The first reason may be unconfessed sin. A sweet girl in my life submitted her will and life to God, but she thought she could make confession to God alone. She continued to struggle in self-doubt because she needed to make confession to the other people that she sinned against. James 5:13 says to confess our sins to one another so that we can be healed. Only fools mock at making amends for sin, but good will is found among the upright, Proverbs 14:9. When we make confession to the ones we’ve hurt, we begin repairing the relationship. When relationships are broken we feel rejection. Confession clears those feelings giving way for us to accept one another and we can feel God’s acceptance. The problem does not begin with God’s acceptance, our feelings are clouding God’s truth in our lives.
Secondly, we have a real adversary. The Evil One roams this earth looking for whom he may devour. Jesus calls him the Accuser of the Brethren. Do you feel accused? The difference between conviction and condemnation is found here. The Accuser of the Brethren will make you feel frightened, confused, obsessed, depressed, and rushed. The only way to beat him is to draw close to God and he will flee from you. How do we draw close to God? We know His truth. What makes you acceptable, JESUS. How are you forgiven, JESUS! It’s JESUS, JESUS, JESUS! Making confession to God and those we have hurt will combat all the nasty feelings that we feel when we are accused. We simply will not have anything for the Evil One to use.

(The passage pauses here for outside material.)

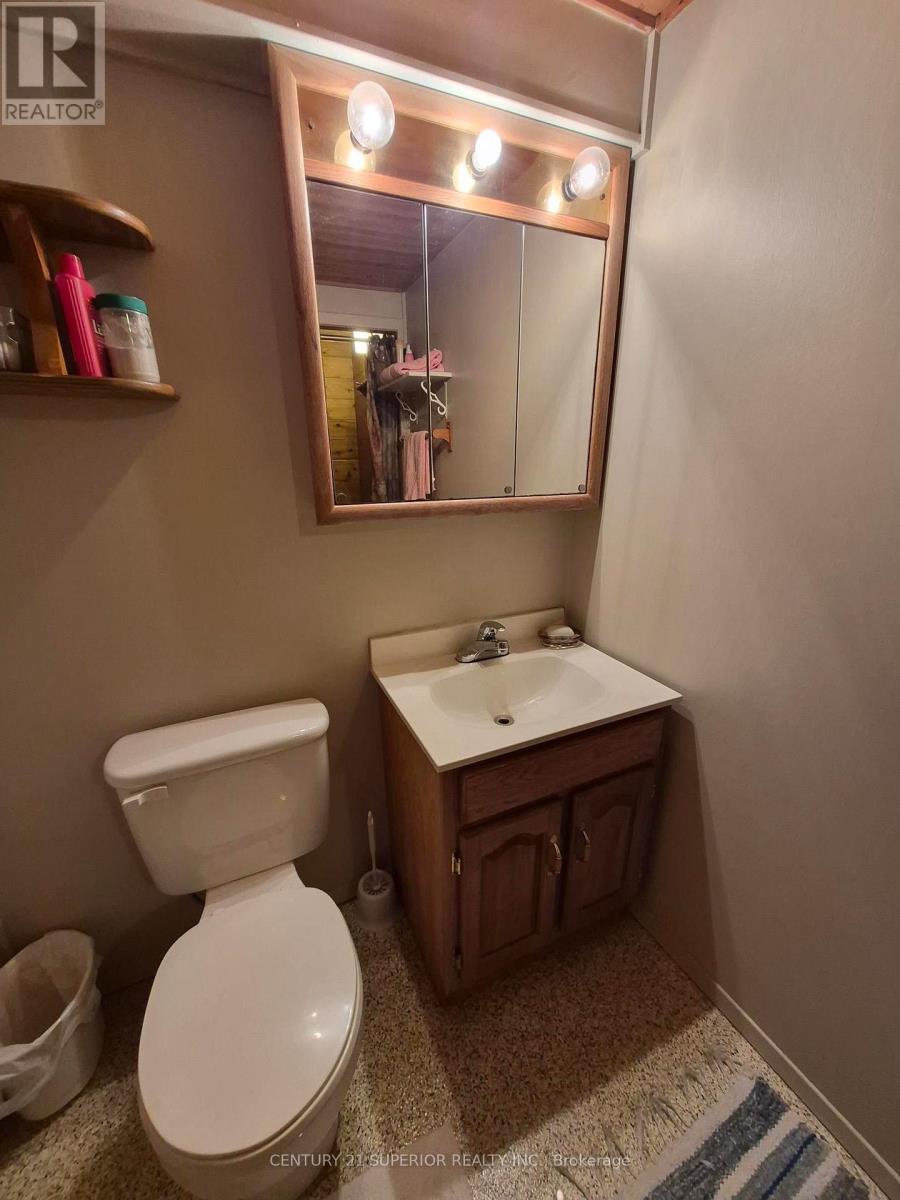 1 LAURIER AVE - Image 33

Thirdly, holding on to past hurts that violated us as Image Bearers keeps us feeling worthless and shamed. At some point in our lives, we got the message that bad things would not have happened to me if I was worth more. This is a lie. When someone harms another person, they are selfishly taking what does not belong to them. This is another blog post to come, but God does not make different classes of people. We are all equally image bearers. The Bible contains a treasury of verses teaching that God does not have favorites. He does not make “throw away girls” and “good girls”. He creates every girl to be loved and cherished, imbuing each of us with value because He created us to belong to Him. I have felt like a “throw away girl.” I found freedom in declaring that the abuse I suffered is sin. I agreed with God (repented). I released the abuse and the abuser to be judge by God, therefore, I can stop judging myself as worth-less than the abuser or others who have not been abused. We are equal in God’s sight. We are “sheep that have gone astray each of us to our own way.” There is nothing in us that deserved to be harmed, rather, we each have free will. We can freely choose to follow God, or we can freely choose to harm others to fulfill our selfish desires. Abuse is about the abuser not the innocent. Now, we can face the aftermath of the abuse. Many of us begin to self-abuse. Hand in hand, repentance and forgiveness, we go back to my first point and ask God to forgive us because we have self-abused. We’ve damaged ourselves. We need to repair the relationship with ourselves.
Conviction is a good feeling leading us to grace. Condemnation makes us feel hopeless. We never enter a time of confession without Jesus’s grace. The price has been paid. We have no fear in uncovering our hurts or bad deeds before our God. Freedom is found in repentance. Holding on to our sin is like playing tug-of-war. As long as the people on each end of the rope are tugging, we are at war. We let go of our end of the rope by making confession and forgiving those who have hurt us. No matter how hard they may tug on their end, if we’ve released ours, the war is over. But until we have released the rope, we are still a prisoner of war. If this seems too difficult to do that’s because we must move from a place of power to confessing we are powerless.